New York State legalized abortion in 1970, three years before Roe v. Wade, with a Republican governor, a Republican state Senate and a Republican Assembly passing the legislation. More than a half century later, most New Yorkers support abortion rights and we think that if offered the opportunity to explicitly put abortion rights in the state Constitution, they would certainly pass it.
Yet the Legislature, in crafting an amendment to the state Constitution after the U.S. Supreme Court wrongly overturned Roe two years ago with its terrible Dobbs decision, is proposing an amendment using only terms such as “pregnancy, pregnancy outcomes, reproductive health care and autonomy.”
The amendment doesn’t use the word “abortion,” so neither should the ballot question. The bipartisan state Board of Elections prepared language that mirrors the amendment, yet there’s a lawsuit before Acting Albany state Supreme Court Justice David Weinstein asking him to add the word “abortion” to the ballot.

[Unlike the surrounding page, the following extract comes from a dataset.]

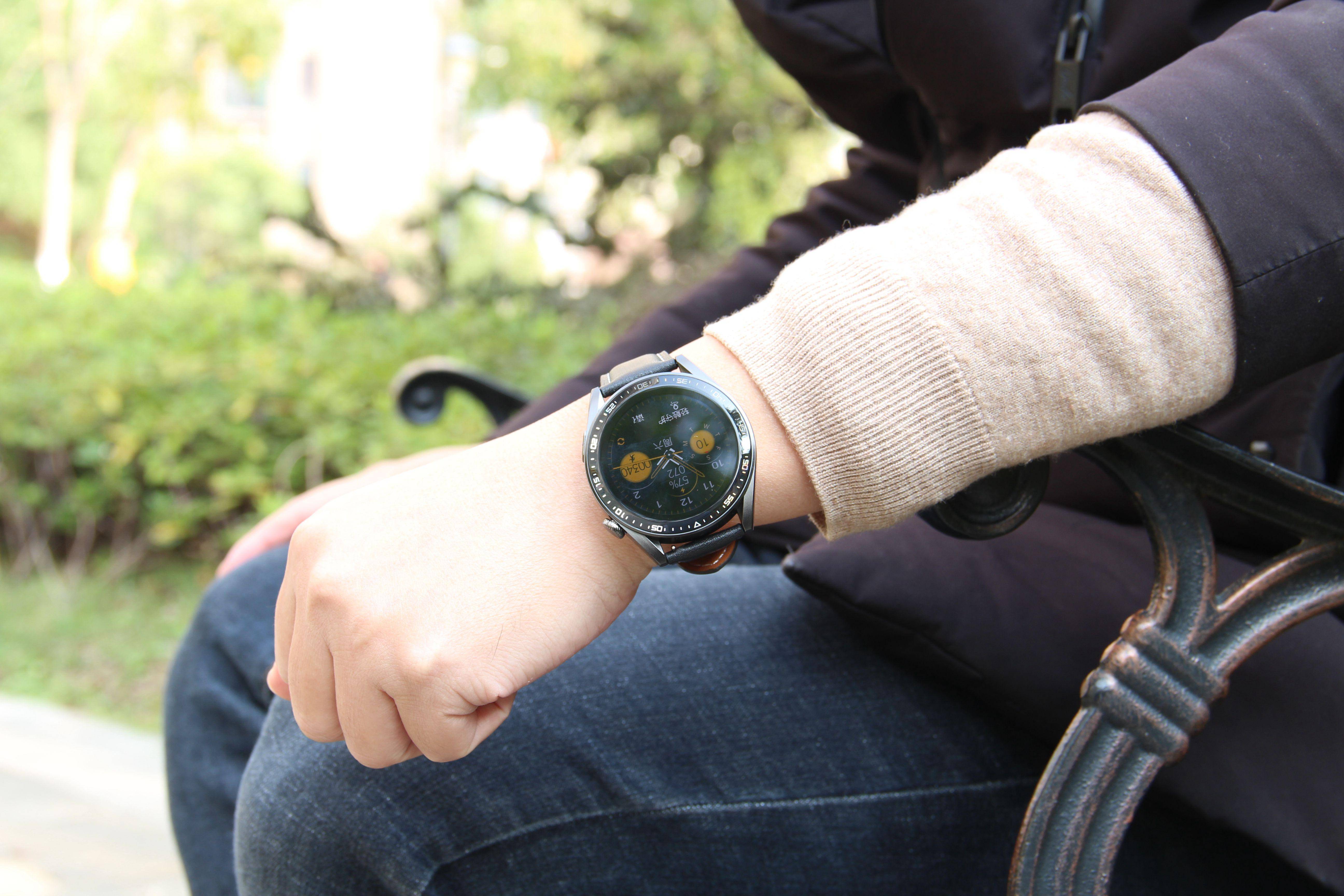 DiDo G30S�����ֱ����飬ʱ�˸����ػ����������㰮������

Weinstein should decline. The ballot question should summarize the amendment, as it does now.
Compare this with what happened post-Dobbs in California, Kansas, Kentucky, Michigan and Ohio in 2022 and 2023. In each state, explicit abortion protections were approved by the public to be added to the state constitution with the word “abortion” or explicit abortion restrictions or limitations (again, with the word “abortion”) were rejected by the public. In every instance, the protections and the bans, the word “abortion” was used.

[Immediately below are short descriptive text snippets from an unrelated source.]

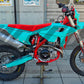 BETA RR X-PRO 2025-2026 TEMPLATE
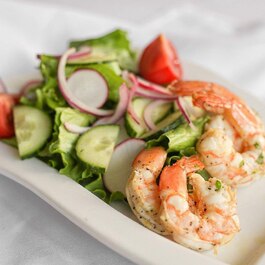 À La Table d'Outremont RestoMontreal.ca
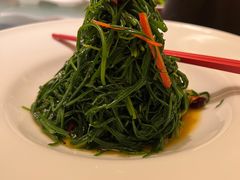 -花家怡园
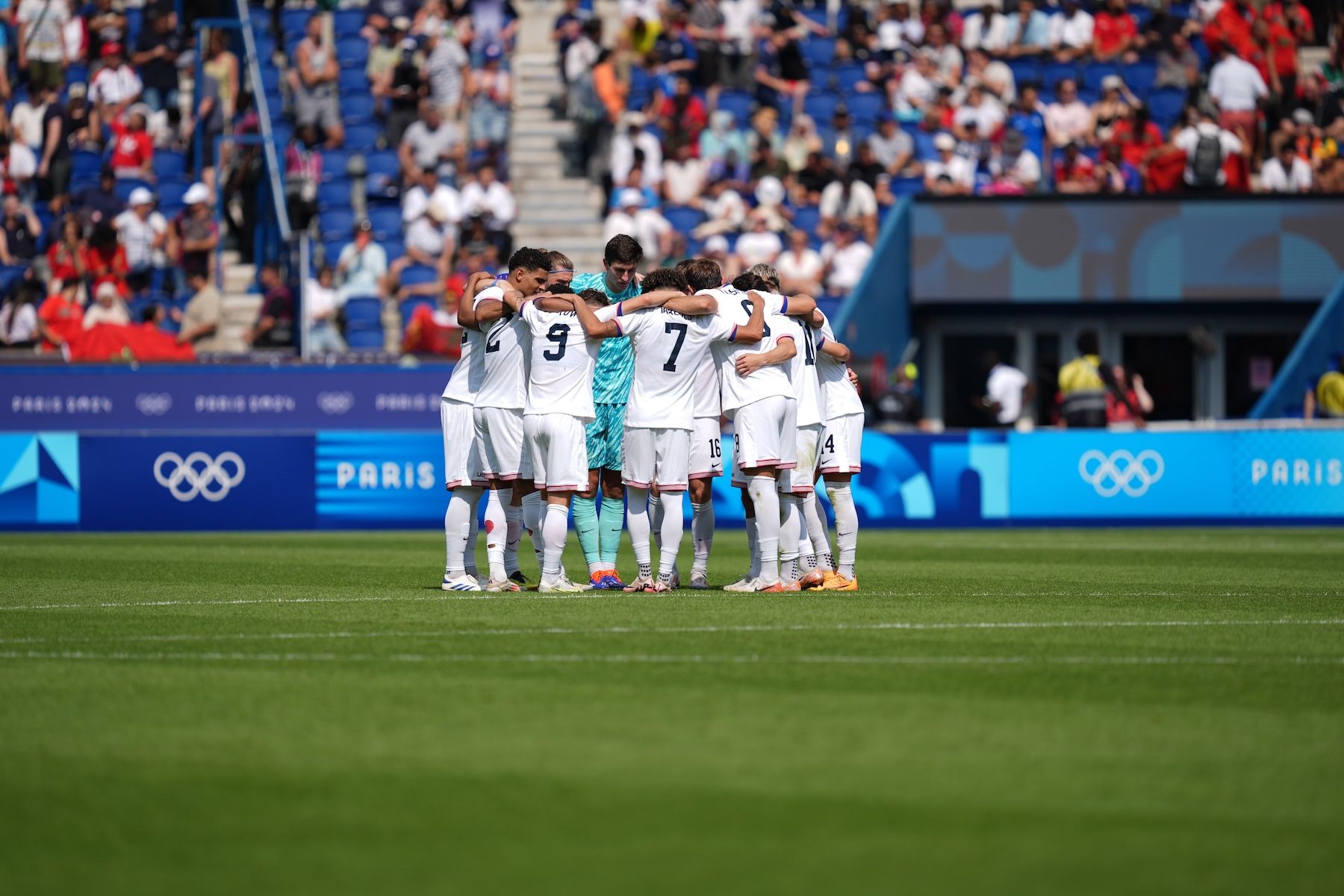 Soccer Streams Reddit 2026: The Secret Links Fans Don’t Want You to Know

And in every case, the pro-choice position prevailed, with constitutional protections approved in California, Michigan and Ohio and constitutional bans rejected in Kansas and Kentucky.
This year, Florida, South Dakota, Colorado, Arizona, Nevada and Missouri all have voters considering abortion protection for their constitutions. Another, in Arkansas was knocked off the ballot and decisions on ballot status are still pending on amendments in Montana and Nebraska. Nebraska also has a possible amendment to ban abortion. And, once again, every single one of the constitutional measures has the word “abortion.” And all the ballots in those states reflect that.

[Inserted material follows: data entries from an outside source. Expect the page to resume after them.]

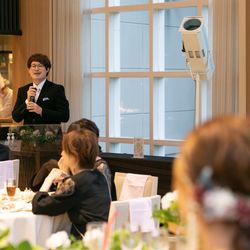 ベル・カシェットの写真31枚目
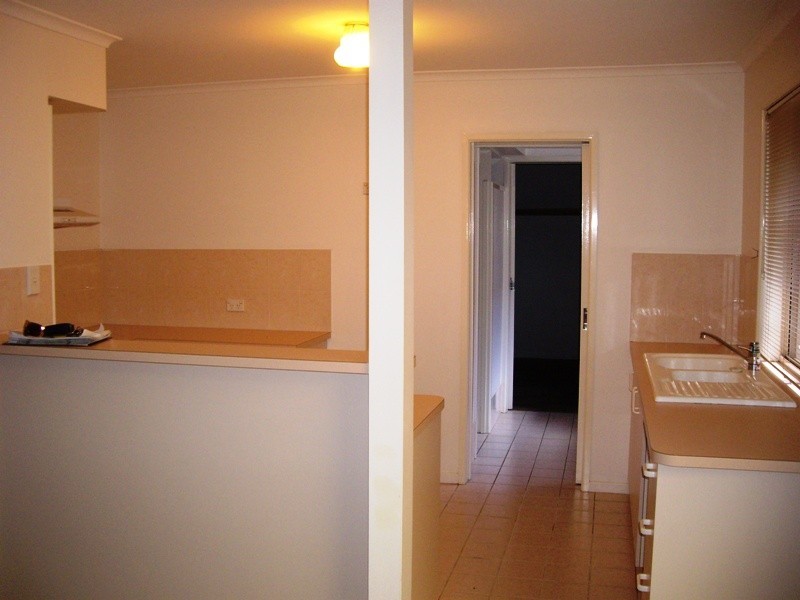 3/111 King Street, Buderim QLD 4556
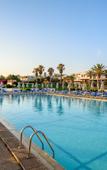 Туры в отель Annabelle Beach Resort Туры в отель Annabelle Beach Resort
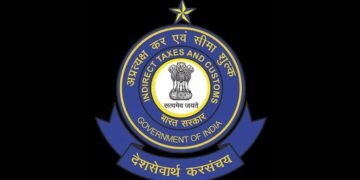 GST रजिस्ट्रेशन, टैक्स डिमांड और एक्सपोर्ट पेमेंट्स पर CBIC ने जारी किए 8 सर्कुलर- चेक करें डिटेल्स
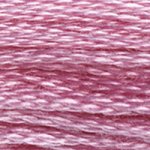 Load image into Gallery viewer, DMC Embroidery Floss - Colours 3011-3826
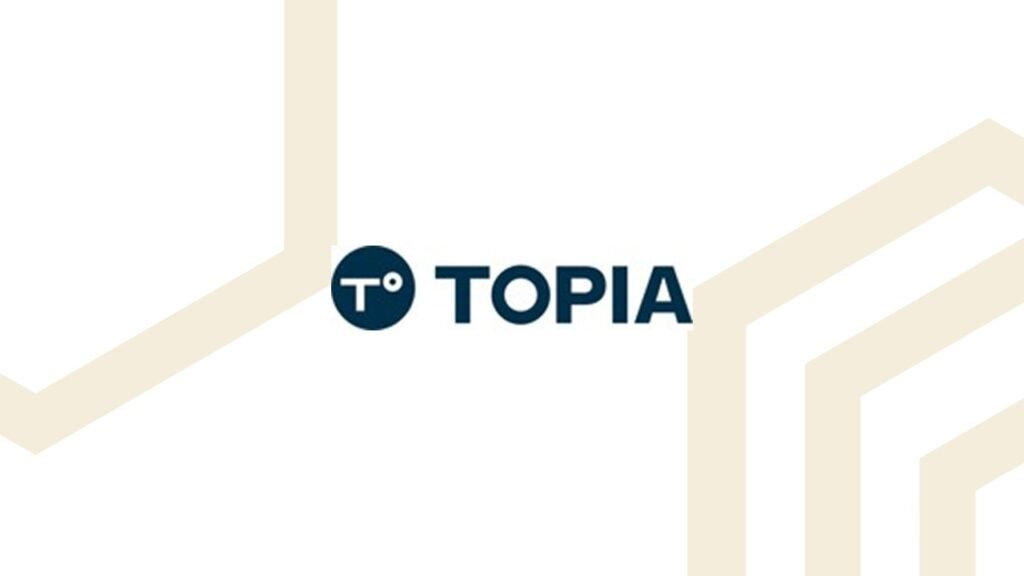 Topia Launches Horizon: The Agentic AI Platform That Finally Gets Global Mobility Right Topia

Albany could have added the A-word to the Constitution. They probably should have. They maybe could have even instructed the state Board of Elections to use the word “abortion” on the ballot. But they didn’t. We don’t know why they made the amendment vague, unlike in every other state.
But what we know is that it is not the role of the Board of Elections to interpret what a constitutional amendment means. That is for the highest court in New York, the Court of Appeals, after the people approve an amendment.
Some lawmakers who support the amendment say that they intended the verbiage to indicate abortion. We take them at their word, but they should have written that into the amendment, as happened in all those other states. The voters aren’t dumb. As was shown in every state, voters made clearly pro-choice decisions when given the choice.
Why didn’t the Legislature act straightforwardly when they had the chance?